Reasons for soil conditioning:
- Provide stability for your foundation
- Improve soil properties when exposed to water
- Avoid the need for future repairs
- Increase weight-bearing capacity
- Reduce plasticity and resistance to movement
- Prepare site after previous construction
If you choose to condition your soil to improve its physical properties, you’ll have many methods to choose from. Each has its pros and cons regarding expense, best practices, effectiveness, and time.
One popular method for adding stability to the soil is to remove several feet of native soil, then replace it with what is known as select fill. The process consists of back-filling with a mixture of crushed limestone or sand. Another form of soil conditioning involves injecting the site’s soil with water or a chemical solution that can help stabilize expansive clays.

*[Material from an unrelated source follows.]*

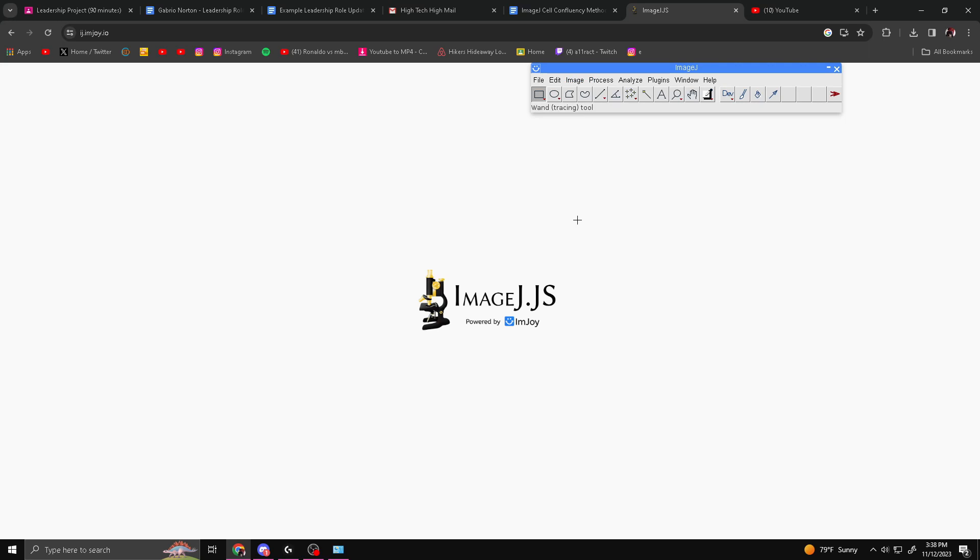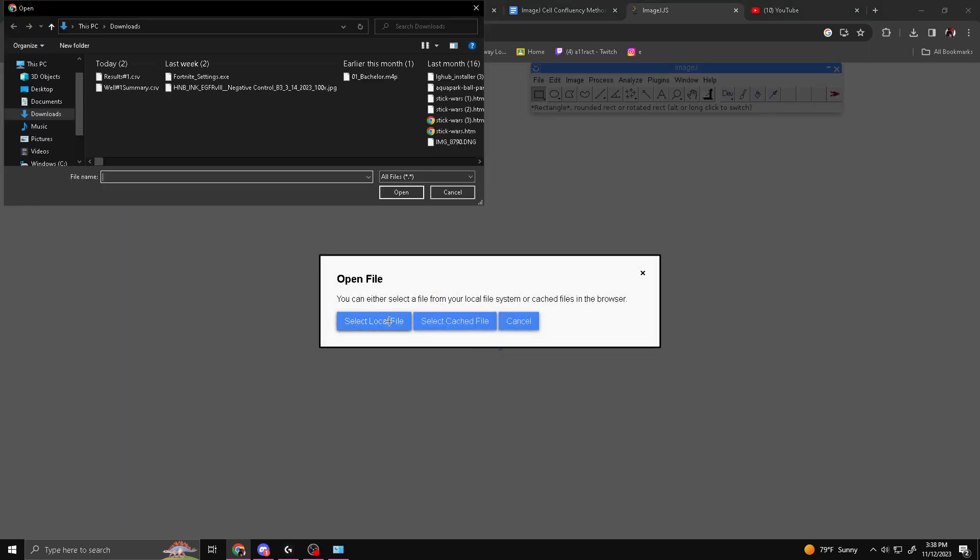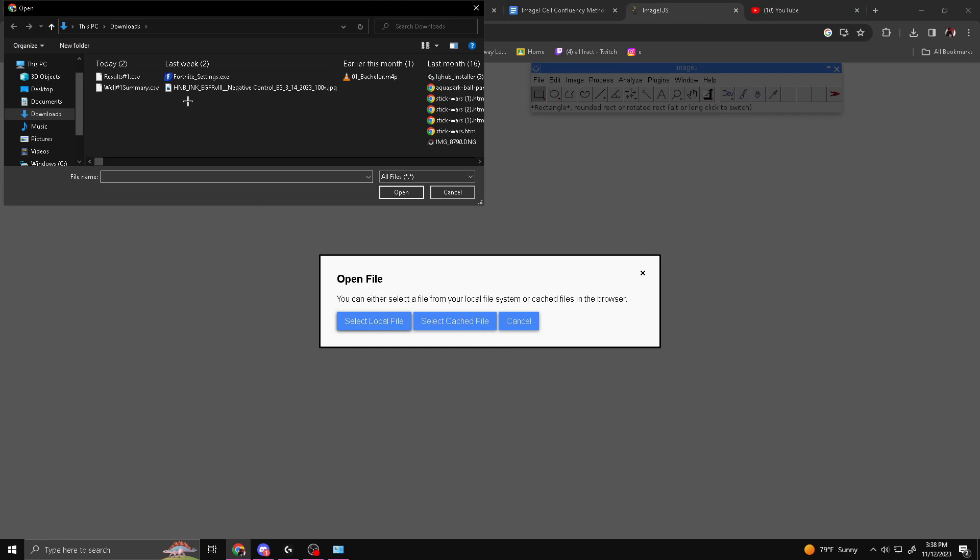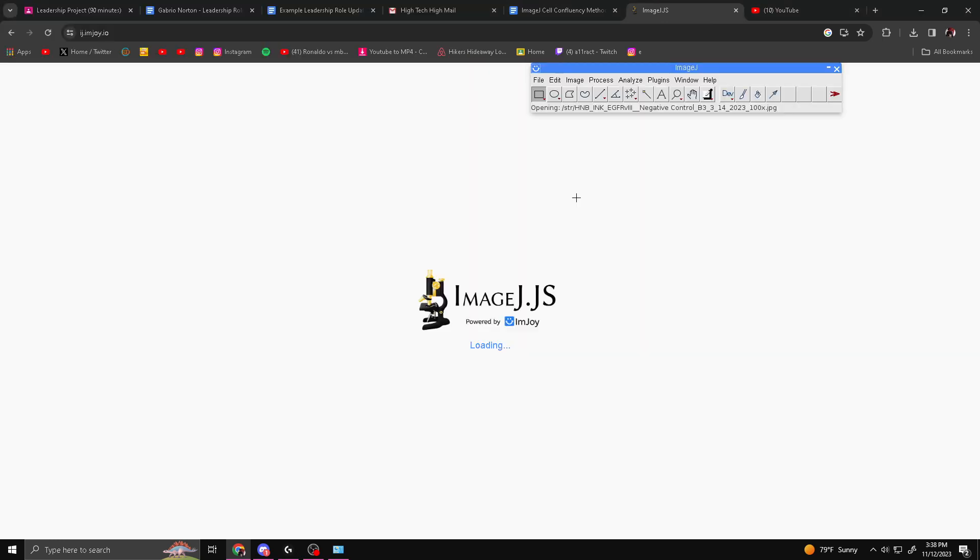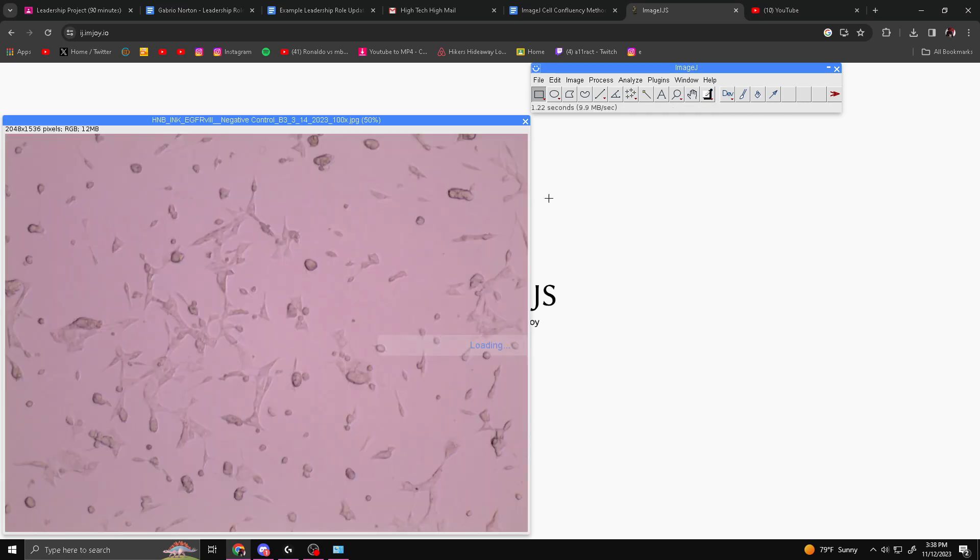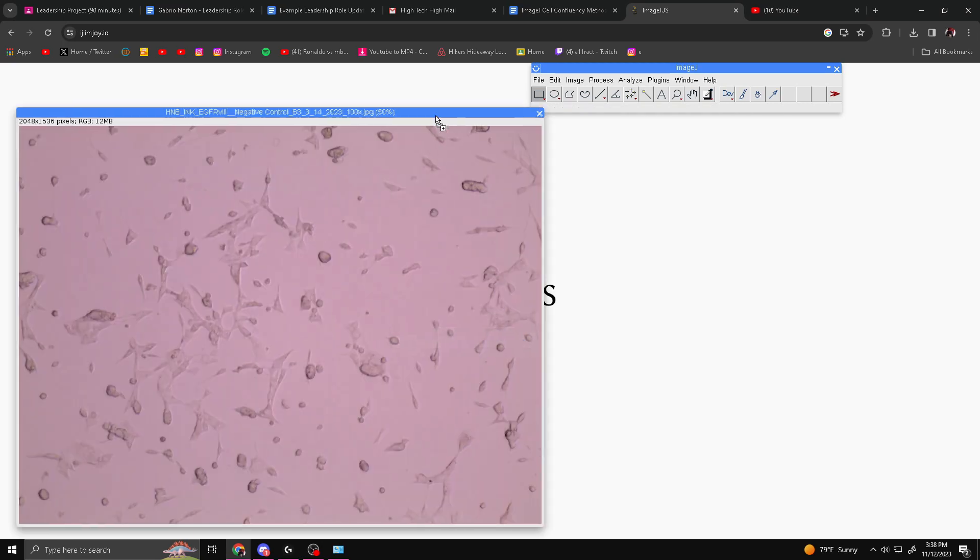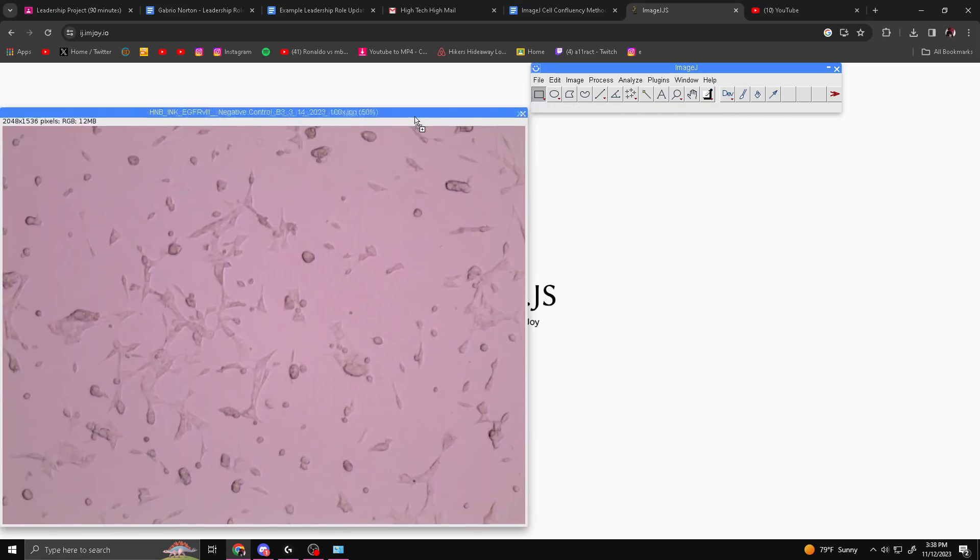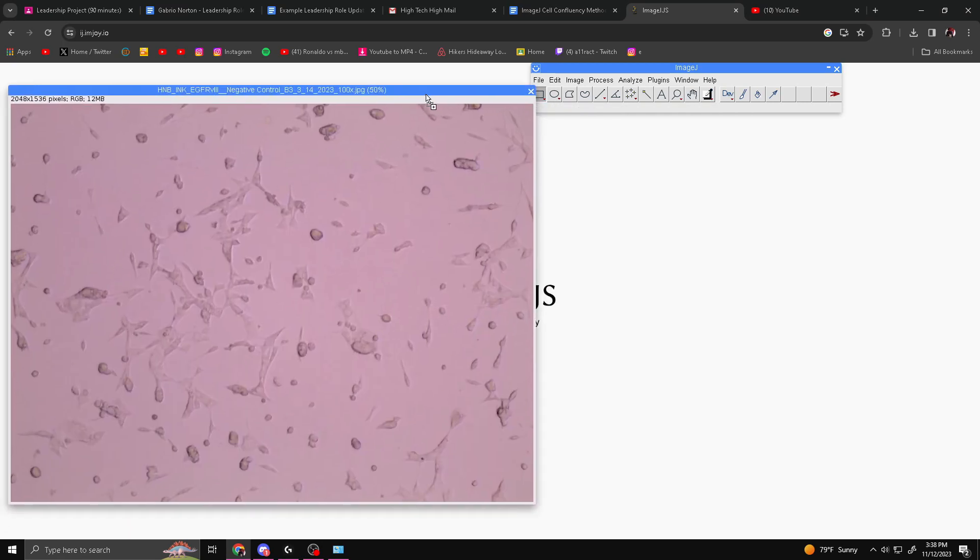Once you're in ImageJ, you want to go to File, Open, select Local File, and find the file that you want to check the cell confluency on. I'm going to be using this image as an example. I'm going to put it in the description if you want to use the same image.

Depending on the composition of your soil and the specifications of your construction project, one or more of these options may be recommended by your GeoTechnical Engineer.
Importance of soil remediation in construction
Soil remediation in construction is the process of removing pollutants or contaminants from the soil. Contaminants and pollutants commonly found in soil can have significant health consequences when they aren’t remediated. They can damage the surrounding environment and our health through constant exposure to contaminated soils.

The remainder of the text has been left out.